The Roots of Reaganomics -- Sherwood Forest
“Working like a madman, he ripped the skin from the haunch of the dead beast, cut a slice of the warm flesh, and bolted it as a dog might have done. After that, he went at the carcass more carefully, cutting off the best of the meat and placing it in a pile on the snow, strip after strip of juicy venison. Then, with a cry that was more like a dog's bark, he started up, knife in hand, and faced the tall man whose shadow had fallen across him as he worked…”
“Put the knife down, Sebald,” said the tall man quietly.
“Robin – Robin of Locksley!” Sebald gasped. “Master, I was starved.”
“And like to be hanged,” said Robin of Locksley. “For this is death, Sebald, if a forester find one head of deer taken.”
“If I die of a rope, or of hunger, what difference is there? Sebald asked doggedly. “Look you, Master Robin, when this winter began I had a wife and two little ones. But because I feel ill, a thing no serf may do, Guy of Gisborne turned us out of our hut and gave our shelter to Walter the Bald. A serf who cannot work, said Guy, shall neither eat nor shelter on his lands, and they drove us out, the wife and the children with me, though the little ones were all unfit.”
“True,” said Robin, nodding. “Guy of Gisborne is a hard man, and cruel. But it is death to touch the deer, Sebald.”
“Death? What is death but a kindness?” Sebald asked. “For so my wife found it when the cold wrapped her round and she fell asleep, never to wake more in this world. So the child Freda found it, for a least she will hunger no more, and now only the boy Waltheof is left me, and he a-crying with bitter hunger.

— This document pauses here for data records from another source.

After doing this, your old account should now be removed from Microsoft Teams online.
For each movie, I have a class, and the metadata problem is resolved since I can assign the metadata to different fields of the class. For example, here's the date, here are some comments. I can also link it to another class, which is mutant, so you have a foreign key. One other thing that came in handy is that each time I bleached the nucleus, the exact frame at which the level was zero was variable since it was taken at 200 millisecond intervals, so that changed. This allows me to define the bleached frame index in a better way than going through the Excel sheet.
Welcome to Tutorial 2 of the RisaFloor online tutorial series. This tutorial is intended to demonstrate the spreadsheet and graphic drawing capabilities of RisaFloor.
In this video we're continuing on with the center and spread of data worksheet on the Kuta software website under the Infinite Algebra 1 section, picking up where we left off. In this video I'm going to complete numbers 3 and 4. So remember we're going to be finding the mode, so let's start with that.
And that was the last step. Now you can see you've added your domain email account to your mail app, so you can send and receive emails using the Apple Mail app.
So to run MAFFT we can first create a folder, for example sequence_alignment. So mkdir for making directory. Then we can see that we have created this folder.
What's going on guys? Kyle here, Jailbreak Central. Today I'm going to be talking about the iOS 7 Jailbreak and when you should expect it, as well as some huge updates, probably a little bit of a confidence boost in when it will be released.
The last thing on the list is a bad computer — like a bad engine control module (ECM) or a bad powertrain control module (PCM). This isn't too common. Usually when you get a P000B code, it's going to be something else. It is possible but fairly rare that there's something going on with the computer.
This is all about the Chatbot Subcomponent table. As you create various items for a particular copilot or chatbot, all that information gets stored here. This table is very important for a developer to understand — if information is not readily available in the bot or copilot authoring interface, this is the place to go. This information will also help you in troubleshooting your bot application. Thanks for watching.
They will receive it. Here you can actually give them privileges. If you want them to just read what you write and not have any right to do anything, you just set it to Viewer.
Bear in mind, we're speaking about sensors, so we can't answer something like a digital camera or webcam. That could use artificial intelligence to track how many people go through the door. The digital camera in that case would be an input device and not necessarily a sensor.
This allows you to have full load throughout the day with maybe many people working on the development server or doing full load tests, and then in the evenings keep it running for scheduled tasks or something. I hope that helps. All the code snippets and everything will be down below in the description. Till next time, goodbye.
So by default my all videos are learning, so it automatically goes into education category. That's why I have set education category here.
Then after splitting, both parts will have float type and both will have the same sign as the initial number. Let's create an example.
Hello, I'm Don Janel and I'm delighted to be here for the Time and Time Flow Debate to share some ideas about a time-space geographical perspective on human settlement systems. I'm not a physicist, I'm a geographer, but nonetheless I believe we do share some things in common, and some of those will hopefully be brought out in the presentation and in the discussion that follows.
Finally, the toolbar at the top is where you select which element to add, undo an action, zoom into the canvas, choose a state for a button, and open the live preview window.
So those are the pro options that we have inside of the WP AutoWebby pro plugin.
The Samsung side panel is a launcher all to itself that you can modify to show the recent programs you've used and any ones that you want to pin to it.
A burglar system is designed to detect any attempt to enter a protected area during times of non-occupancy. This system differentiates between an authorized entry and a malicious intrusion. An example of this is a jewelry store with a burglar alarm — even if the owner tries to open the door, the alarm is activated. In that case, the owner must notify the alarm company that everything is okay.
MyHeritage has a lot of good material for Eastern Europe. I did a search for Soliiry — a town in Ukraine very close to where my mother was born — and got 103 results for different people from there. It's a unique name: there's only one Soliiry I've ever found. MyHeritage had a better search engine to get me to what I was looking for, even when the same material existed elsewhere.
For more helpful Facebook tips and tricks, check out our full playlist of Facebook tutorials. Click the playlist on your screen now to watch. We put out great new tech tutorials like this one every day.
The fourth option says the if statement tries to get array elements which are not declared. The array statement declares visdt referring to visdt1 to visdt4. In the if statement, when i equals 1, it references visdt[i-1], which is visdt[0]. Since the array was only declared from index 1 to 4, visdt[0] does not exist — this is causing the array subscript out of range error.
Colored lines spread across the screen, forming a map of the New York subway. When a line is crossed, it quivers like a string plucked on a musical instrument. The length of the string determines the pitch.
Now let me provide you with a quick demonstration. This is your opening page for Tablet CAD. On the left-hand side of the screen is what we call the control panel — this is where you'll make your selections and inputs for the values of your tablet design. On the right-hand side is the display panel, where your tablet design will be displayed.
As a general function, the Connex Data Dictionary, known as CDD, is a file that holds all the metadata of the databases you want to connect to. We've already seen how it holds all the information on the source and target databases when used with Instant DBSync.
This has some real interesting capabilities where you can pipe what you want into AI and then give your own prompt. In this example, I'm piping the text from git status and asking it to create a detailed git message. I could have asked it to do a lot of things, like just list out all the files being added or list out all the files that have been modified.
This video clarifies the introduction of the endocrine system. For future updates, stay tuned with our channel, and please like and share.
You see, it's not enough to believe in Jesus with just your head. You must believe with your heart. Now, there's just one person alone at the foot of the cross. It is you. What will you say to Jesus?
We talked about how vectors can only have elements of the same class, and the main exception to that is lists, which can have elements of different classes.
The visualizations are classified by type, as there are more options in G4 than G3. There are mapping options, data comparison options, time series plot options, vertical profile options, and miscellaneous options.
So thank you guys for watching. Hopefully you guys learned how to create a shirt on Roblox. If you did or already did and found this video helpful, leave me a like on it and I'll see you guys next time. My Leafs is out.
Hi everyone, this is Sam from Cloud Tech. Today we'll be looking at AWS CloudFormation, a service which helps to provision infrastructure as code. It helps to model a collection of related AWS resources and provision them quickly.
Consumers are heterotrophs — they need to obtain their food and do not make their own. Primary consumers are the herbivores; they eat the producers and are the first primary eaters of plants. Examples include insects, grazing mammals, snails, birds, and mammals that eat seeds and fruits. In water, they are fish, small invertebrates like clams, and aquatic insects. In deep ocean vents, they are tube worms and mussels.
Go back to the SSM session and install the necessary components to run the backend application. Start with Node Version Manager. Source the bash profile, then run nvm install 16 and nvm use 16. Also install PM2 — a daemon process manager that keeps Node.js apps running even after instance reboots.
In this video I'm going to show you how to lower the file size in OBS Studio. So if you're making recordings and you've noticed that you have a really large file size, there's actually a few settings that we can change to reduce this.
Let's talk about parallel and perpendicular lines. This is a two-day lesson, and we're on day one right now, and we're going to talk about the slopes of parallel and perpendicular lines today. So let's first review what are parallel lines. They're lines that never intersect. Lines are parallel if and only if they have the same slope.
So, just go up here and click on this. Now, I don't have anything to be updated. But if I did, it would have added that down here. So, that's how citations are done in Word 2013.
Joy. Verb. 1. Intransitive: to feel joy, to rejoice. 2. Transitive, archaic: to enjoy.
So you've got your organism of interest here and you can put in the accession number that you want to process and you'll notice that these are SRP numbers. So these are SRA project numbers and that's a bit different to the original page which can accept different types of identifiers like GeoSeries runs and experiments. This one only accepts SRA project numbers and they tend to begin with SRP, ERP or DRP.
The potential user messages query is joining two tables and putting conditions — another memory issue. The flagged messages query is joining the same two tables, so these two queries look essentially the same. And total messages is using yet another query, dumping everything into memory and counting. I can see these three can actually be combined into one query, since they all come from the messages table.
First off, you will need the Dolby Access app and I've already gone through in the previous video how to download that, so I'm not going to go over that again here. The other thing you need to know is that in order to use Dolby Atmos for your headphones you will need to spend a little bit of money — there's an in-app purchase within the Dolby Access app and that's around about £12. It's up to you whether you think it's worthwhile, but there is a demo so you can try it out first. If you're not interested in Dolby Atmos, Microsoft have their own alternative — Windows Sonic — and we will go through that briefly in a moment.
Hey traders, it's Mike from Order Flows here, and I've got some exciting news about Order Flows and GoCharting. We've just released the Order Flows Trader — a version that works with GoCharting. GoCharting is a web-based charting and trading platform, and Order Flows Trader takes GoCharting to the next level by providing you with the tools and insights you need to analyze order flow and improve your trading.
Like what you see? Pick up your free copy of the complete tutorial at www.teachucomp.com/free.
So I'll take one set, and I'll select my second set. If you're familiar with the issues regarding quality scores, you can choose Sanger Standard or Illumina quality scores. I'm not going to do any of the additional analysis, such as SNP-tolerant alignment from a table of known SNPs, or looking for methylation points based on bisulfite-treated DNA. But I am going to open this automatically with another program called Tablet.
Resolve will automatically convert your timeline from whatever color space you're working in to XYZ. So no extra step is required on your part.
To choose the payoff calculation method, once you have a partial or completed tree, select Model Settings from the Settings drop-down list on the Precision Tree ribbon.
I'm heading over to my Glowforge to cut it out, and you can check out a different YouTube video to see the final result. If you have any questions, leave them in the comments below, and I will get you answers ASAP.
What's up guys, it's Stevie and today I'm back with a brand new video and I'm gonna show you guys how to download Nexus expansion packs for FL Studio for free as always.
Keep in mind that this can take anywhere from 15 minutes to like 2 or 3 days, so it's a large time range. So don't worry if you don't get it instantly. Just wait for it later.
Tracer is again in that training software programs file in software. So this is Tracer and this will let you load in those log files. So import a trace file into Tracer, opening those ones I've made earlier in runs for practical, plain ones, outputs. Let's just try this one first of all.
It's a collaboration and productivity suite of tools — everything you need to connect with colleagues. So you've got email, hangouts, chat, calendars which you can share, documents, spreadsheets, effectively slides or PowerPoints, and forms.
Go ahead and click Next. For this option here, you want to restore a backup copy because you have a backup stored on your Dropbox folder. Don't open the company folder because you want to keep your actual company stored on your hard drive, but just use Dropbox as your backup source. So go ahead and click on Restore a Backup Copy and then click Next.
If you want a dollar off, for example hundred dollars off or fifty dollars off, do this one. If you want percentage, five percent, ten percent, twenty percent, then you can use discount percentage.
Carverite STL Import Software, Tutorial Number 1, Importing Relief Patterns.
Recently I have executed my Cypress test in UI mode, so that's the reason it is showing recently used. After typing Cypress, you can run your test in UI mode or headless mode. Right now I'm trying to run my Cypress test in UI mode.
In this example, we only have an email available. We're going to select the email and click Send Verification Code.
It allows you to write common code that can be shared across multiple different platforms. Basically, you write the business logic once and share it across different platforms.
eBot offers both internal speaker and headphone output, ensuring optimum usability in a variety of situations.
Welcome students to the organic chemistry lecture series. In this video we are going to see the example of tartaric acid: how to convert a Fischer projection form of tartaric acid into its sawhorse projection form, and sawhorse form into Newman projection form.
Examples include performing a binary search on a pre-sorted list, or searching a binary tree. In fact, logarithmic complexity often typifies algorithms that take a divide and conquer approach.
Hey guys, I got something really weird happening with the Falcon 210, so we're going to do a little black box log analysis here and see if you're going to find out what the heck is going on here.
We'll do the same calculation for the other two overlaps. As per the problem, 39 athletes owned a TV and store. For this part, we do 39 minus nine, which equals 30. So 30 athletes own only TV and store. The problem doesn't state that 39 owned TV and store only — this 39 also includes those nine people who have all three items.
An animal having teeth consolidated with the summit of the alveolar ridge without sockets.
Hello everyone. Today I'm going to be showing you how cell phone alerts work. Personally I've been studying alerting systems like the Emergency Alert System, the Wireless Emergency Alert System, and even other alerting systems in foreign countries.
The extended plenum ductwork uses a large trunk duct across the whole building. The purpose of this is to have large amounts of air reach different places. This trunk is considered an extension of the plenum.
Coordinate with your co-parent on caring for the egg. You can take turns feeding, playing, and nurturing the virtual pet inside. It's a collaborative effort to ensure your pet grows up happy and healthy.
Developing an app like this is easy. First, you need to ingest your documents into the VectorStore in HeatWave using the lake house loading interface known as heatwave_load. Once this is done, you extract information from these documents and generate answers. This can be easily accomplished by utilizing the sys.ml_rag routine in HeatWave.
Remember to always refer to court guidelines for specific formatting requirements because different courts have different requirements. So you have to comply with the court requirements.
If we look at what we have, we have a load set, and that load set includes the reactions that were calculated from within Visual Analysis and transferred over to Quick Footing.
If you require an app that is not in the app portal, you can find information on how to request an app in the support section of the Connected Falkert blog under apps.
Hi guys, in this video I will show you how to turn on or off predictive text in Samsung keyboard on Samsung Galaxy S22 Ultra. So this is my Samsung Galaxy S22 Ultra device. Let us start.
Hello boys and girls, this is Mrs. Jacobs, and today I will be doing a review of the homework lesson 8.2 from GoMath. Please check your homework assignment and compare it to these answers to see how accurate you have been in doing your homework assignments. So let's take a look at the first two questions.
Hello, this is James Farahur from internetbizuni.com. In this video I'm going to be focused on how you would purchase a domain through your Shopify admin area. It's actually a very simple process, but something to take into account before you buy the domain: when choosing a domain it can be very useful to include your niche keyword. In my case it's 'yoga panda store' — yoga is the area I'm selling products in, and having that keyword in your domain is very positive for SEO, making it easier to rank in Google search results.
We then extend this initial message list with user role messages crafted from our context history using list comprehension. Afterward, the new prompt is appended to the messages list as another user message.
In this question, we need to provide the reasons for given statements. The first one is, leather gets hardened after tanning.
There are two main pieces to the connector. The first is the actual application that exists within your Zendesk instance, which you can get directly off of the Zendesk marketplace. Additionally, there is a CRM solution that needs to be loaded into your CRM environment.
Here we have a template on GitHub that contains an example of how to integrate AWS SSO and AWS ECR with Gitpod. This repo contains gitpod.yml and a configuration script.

By the Rood, Master Robin, if I hang, I hang with a full belly, and the boy shall have one more good meal!”
There was a look of pity in Robin’s eyes. “Where is the boy?” he asked.
“There” – Sebald pointed along the way he had come – “in the hollow of a dead elm, wrapped in such rags as I could find him that he might not die of the cold.”
“Then you harbour in the forest?” Robin asked.
Sebald nodded. “Else I must go back to Guy of Gisborne, being his man,” he answered. “And to go backs means lashes on the back, and labour from morn to night, with more lashes at the end of it, since I am all unhandy and slow, and so they call me the dolt, Master Robin. I tell you” – his voice rose to sudden fierceness – “there is no justice…”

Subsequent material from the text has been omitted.